**EXERCISE DESCRIPTION**
The data that follows is to be copied exactly, with each image removed.

[Opening INPUT DATA section]

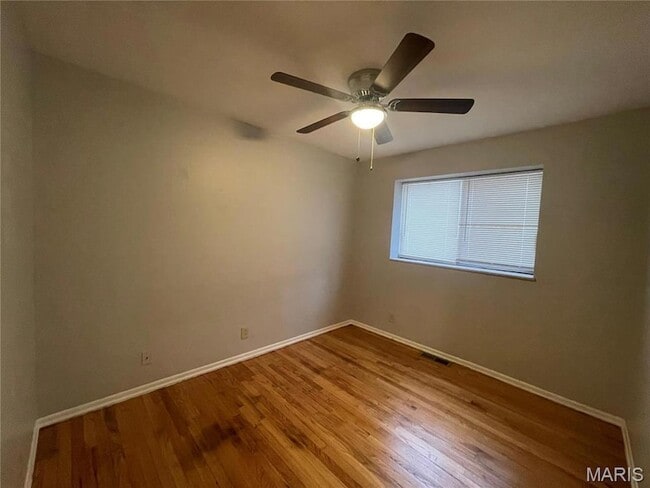 Primary Photo - 253 Chambers Rd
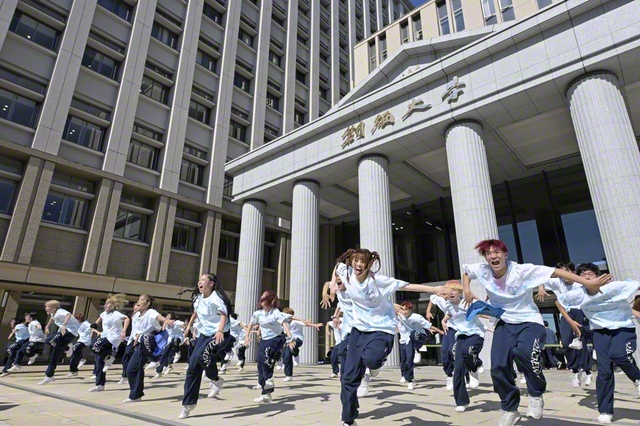 オープニングセレモニーでは、クルーダンス部「D.I.CREW」がキレのあるダンスを披露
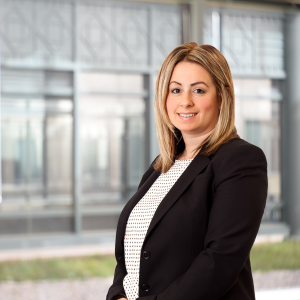 Headshot of Kaylin Grey L'06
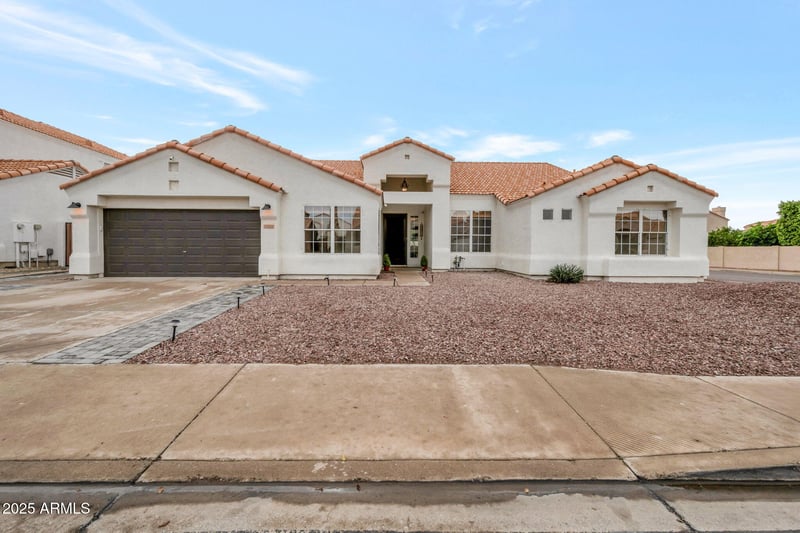 9705 Idaho Ave, Mesa, AZ 85209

[Closing INPUT DATA section]

**RESPONSE FOR THIS EXERCISE**
 Primary Photo - 253 Chambers Rd
 オープニングセレモニーでは、クルーダンス部「D.I.CREW」がキレのあるダンスを披露
 Headshot of Kaylin Grey L'06
 9705 Idaho Ave, Mesa, AZ 85209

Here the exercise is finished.